Mais le film est complètement plombé par son scénario qui se sent obliger d'intercaler deux éléments, beaucoup trop indigestes : la névrose / folie naissante de Hitch devant ce film, qui nous amène des séquences ridicules et improbables avec Ed Gein. Toutes ces scènes sont vraiment profondément navrantes. Le reste, ce sont les séquences matrimoniales sur le délitement du couple Alma / Hitch. Filmées comme un pseudo suspense hitchcockien le film s'enfle dans ces moments pour essayer de dynamiser le reste et fuir à tout prix les moments plus "documentaires" (mais tout de même très romancés) sur la conception du film. Bref, on s'ennuie.
Ajoutez à cela un certain nombre d'incohérences dans la reconstitution de la genèse de Psychose, qui ne passent pas auprès du spectateur avisé. Le tournage de la séquence de la douche est rigolo mais ne reflète pas du tout ce qui s'est passé, Bernard Hermann n'est que cité une seule fois, Saul Bass n'est jamais évoqué... Le film évacue ainsi toutes les pistes les plus cinéphiliques pour se concentrer sur des éléments soit périphériques mais servant une veine "psycho-analytique" éculée, soit centraux mais bien trop évidents et lisses.

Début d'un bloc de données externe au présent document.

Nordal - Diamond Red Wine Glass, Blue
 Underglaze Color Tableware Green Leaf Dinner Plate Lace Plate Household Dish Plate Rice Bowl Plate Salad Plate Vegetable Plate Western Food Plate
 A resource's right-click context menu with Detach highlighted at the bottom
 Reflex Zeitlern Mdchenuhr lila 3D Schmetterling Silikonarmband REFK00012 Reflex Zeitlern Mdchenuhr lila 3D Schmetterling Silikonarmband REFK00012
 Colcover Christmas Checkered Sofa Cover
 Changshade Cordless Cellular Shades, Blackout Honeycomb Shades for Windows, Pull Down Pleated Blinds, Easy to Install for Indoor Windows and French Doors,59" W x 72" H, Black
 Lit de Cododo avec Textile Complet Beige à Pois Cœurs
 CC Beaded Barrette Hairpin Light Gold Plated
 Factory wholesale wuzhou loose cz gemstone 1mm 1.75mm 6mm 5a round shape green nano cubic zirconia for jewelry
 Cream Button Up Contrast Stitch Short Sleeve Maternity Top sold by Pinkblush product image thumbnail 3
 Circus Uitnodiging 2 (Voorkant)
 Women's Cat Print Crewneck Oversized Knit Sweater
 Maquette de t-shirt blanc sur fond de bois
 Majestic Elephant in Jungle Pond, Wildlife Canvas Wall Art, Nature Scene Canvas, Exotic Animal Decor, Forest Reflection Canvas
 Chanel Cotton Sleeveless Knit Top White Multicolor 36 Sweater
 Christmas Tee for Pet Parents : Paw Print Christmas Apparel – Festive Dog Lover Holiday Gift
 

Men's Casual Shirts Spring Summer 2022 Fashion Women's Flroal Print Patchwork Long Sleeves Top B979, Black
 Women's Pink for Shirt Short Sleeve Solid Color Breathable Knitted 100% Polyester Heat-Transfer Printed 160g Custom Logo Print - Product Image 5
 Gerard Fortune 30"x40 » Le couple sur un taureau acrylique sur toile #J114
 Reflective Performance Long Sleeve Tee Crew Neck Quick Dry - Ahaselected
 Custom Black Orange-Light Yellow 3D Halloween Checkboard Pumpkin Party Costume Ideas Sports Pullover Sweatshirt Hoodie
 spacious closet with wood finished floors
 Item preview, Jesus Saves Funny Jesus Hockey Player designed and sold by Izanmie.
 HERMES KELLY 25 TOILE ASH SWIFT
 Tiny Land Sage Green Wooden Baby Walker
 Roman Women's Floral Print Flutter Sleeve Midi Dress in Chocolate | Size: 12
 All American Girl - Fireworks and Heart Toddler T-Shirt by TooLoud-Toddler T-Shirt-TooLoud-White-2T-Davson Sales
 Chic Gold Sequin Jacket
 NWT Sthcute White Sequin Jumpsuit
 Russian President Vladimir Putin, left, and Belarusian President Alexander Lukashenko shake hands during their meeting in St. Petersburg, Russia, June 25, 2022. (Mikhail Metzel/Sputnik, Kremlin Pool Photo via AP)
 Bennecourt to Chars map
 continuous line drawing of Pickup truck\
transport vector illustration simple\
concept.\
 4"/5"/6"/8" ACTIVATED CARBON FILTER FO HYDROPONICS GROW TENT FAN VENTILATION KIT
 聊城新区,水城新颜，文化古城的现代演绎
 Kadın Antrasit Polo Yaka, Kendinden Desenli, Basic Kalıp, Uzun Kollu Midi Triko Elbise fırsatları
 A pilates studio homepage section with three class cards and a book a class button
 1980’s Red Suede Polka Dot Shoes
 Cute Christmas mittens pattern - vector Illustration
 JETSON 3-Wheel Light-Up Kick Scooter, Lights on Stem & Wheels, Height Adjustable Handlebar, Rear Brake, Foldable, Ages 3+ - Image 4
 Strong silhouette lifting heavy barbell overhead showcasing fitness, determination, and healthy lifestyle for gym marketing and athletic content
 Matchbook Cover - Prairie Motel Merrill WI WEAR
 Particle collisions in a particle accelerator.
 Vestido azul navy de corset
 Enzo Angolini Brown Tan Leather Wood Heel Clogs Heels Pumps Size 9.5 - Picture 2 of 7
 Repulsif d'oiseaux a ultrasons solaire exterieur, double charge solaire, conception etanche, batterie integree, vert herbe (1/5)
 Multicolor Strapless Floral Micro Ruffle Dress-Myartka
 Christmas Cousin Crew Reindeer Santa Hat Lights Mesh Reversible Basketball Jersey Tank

PS : (17/02) La critique de Artlaim me donne envie de rajouter quelques mots. Non, Sacha Gervasi n'est pas un inconnu, c'est un homme de métier, remarqué pour son documentaire sur Anvil et pour son scénario du Terminal. Mais dans ce film on dirait qu'il se retrouve dans la situation exactement inverse de celle d'Hitchcock pour Psychose. On a le grand cinéaste qui veut mener à bout un projet personnel contre la volonté de son studio et qui impose son tournage, son style, son director's cut, mais le film qui nous montre ça est un pur objet hollywoodien formaté, une oeuvre de producteurs plus que de cinéaste, une commande exécutée par un tâcheron - pourtant talentueux. C’est triste.